Glasgow’s Kelvingrove Museum has unveiled a new display dedicated to a World War Two fighter pilot.
Paisley-born Archie McKellar was the first British serviceman to shoot down a German plane over the UK during the war, and the squadron leader’s actions have been immortalised as part of the display.
Forming part of the wider Conflict and Consequences gallery, the new exhibit will show the exploits of Mr McKellar, as well as that of the rest of the 602 Auxiliary Air Force Squadron during the fighting.
A number of items from the squadron’s collection have been donated to the museum for the exhibit, including a panel from the German plane shot down by Mr McKellar, on October 28, 1939, which was used to study Nazi aircraft design.
The pilot took out the enemy craft over Humbie, near Edinburgh.
Roddy MacGregor, honorary secretary of the 602 Squadron Museum Association, was among the first to see the exhibit on Monday.
He said: “We’ve relished the opportunity to work with the team at Glasgow Museums to create this new display on the 602 Squadron’s actions at the start of World War Two.
“We very much hope it will add to the important conversation about the human side of conflict today.”
Colin McKellar, a relation of the squadron leader, was also in attendance.
He said: “It is wonderful to see Archie McKellar’s story on show in Kelvingrove Museum. I have long admired Archie’s contribution to the war effort and it’s fitting it is recognised in the new display.
“I am sure Archie would be quietly moved to see his squadron’s achievements marked in this way.”
The panel will be joined by a number of letters sent by Mr McKellar, as well as photographs and a portrait of the former fighter pilot.

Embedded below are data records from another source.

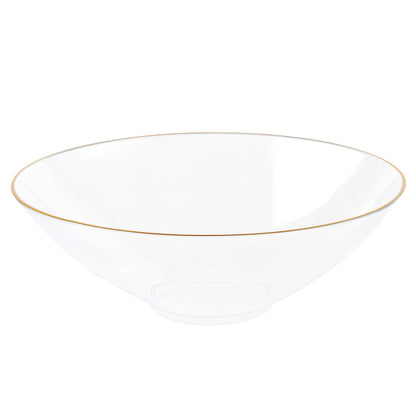 [16 OZ 40 Count] White Plastic Organic Party Soup bowls With Silver Rim Premium heavyweight Elegant Disposable Tableware Dishes
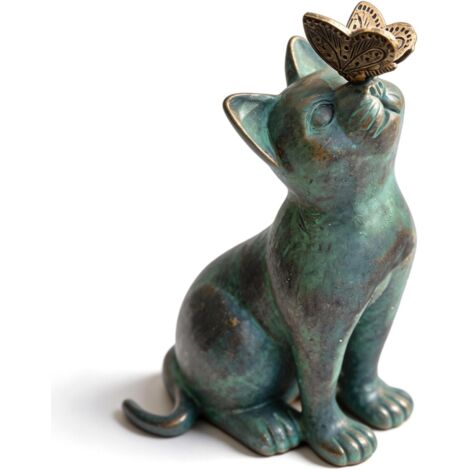Chat Décoration Extérieur : Chat Mignon Top Papillon Sculpture Animal en Résine Imperméable pour la Maison Cadeaux Artisanat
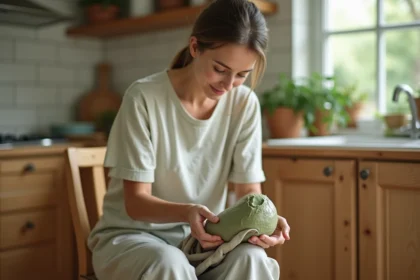 Femme appliquant un cataplasme d'argile verte sur une cheville enflée dans une cuisine en bois naturel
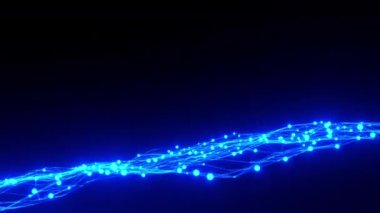 Parlayan çizgilerin ve parçacıkların dinamik dalgası. Dijital teknoloji veri ağı iletişim ağı kavramı. 4K 3D, noktaları ve çizgileri birleştiren kusursuz döngü dalgası. Teknoloji geçmişi.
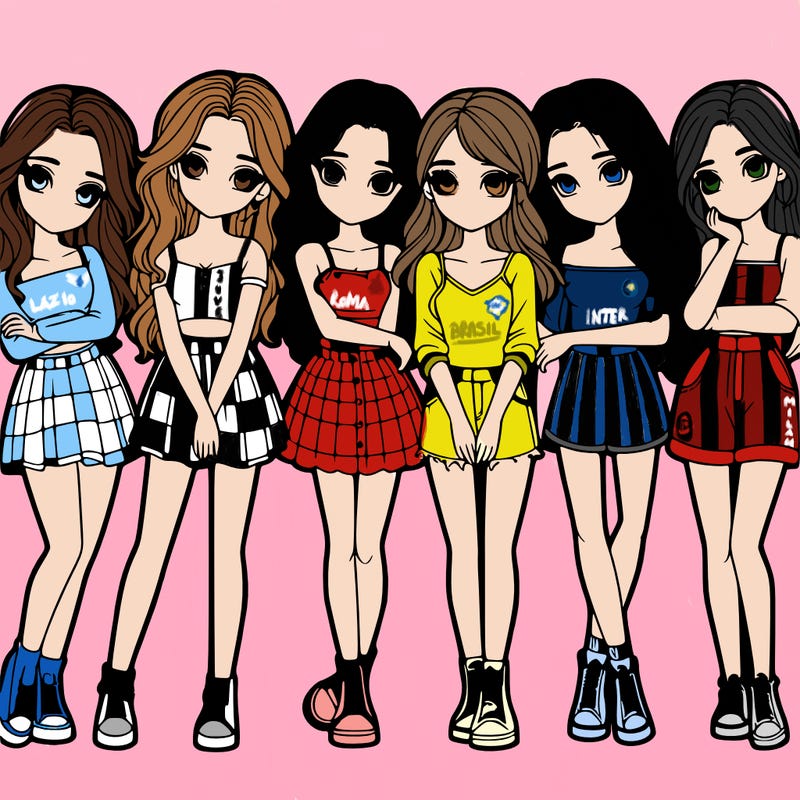 a group of girls realistic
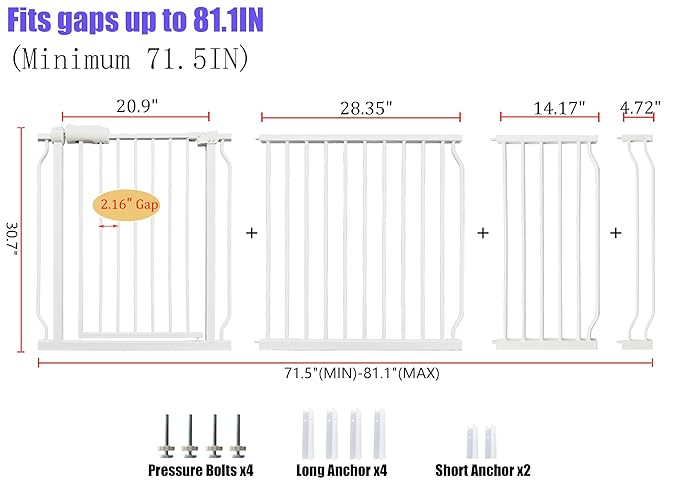 Extra Wide 76.4-81 Inch Large Baby Gates for Stairs, Doorways - No Drilling, Pressure Mounted Pet Gates for Kids & Dogs-PurrikoPets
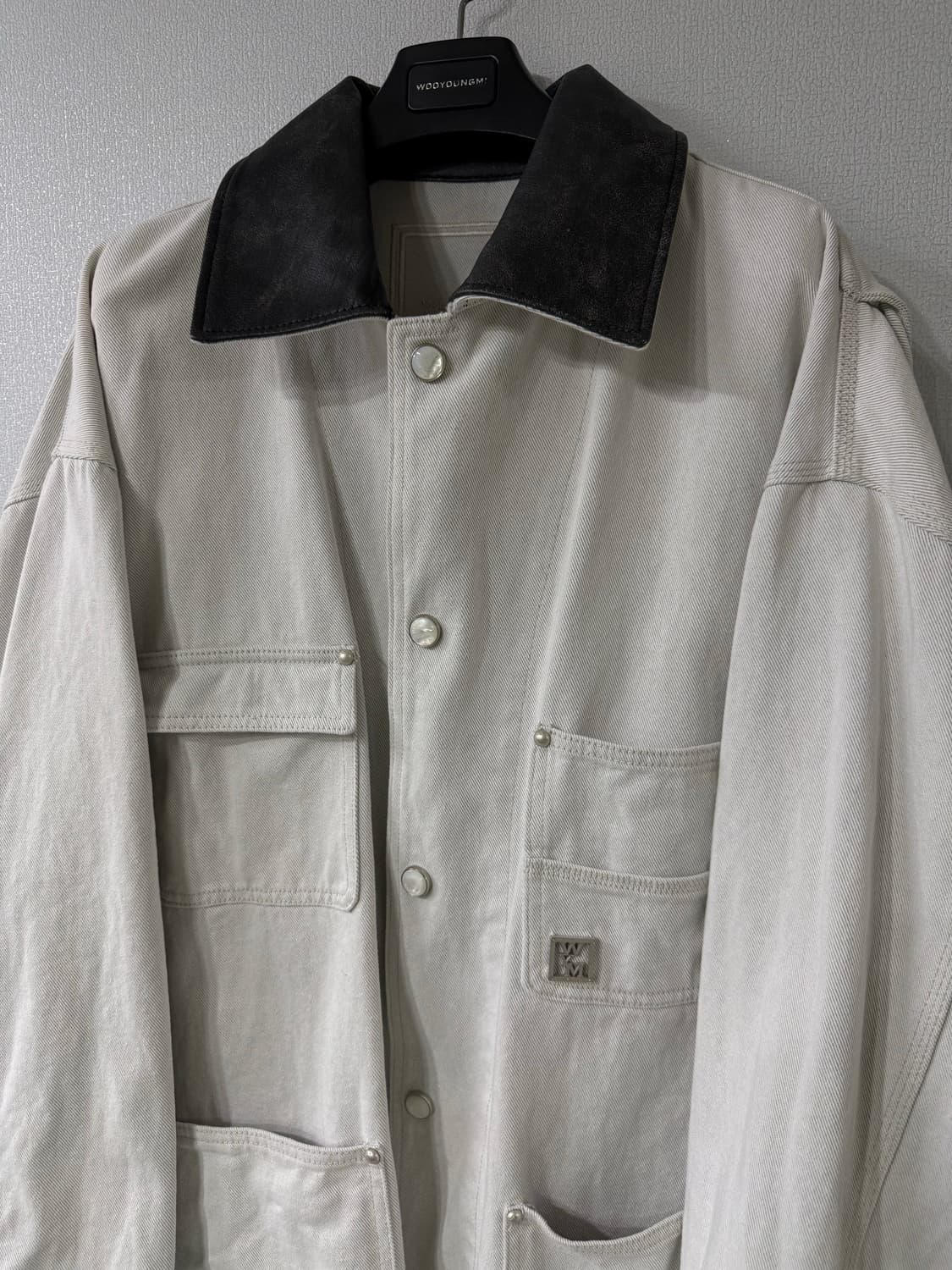 [50] 우영미 레더카라 데님 코트 자켓 오프화이트 상품이미지3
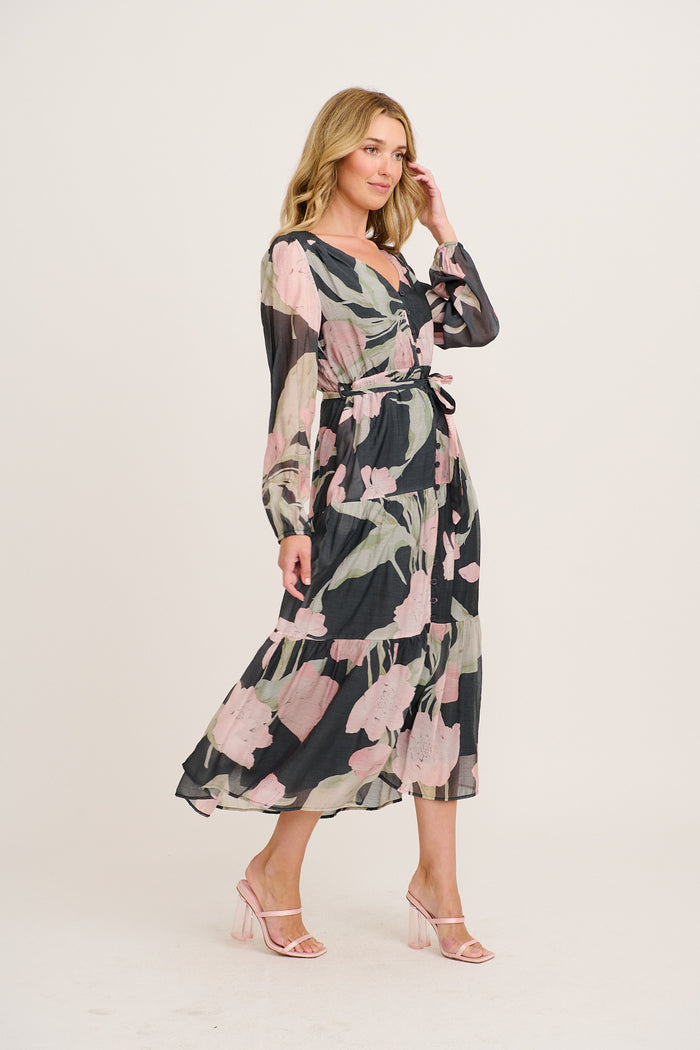Versatile Midi Dress in Charcoal with Pink Floral side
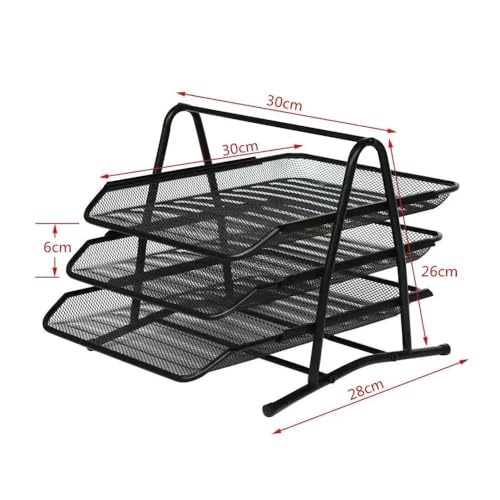 File Rack Office Supplies, Metal Three-Layer File Rack, Data Tray Storage, Drawer Style Letter Trays(Black)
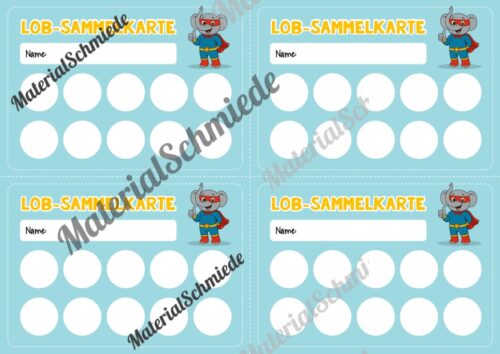 Lob-Sammelkarten für die Elefantenklasse (Arbeitsblatt 08)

Glasgow Museums curator John Messner added: “Archie’s story is a fantastic addition to the displays already to be found in the Conflict and Consequences Gallery, which give insight into the human impact of war.
“The objects bring his story to life, and its thanks for the 602 Squadron Museum that these have been saved for posterity.”
Mr McKeller went on to be awarded the Distinguished Flying Cross and Bar and the Distinguished Service Order for shooting down 21 enemy planes – including five in one day.
Just 14 months into his flying career, Mr McKeller was killed in action after being shot down over Kent in November 1940, aged 28.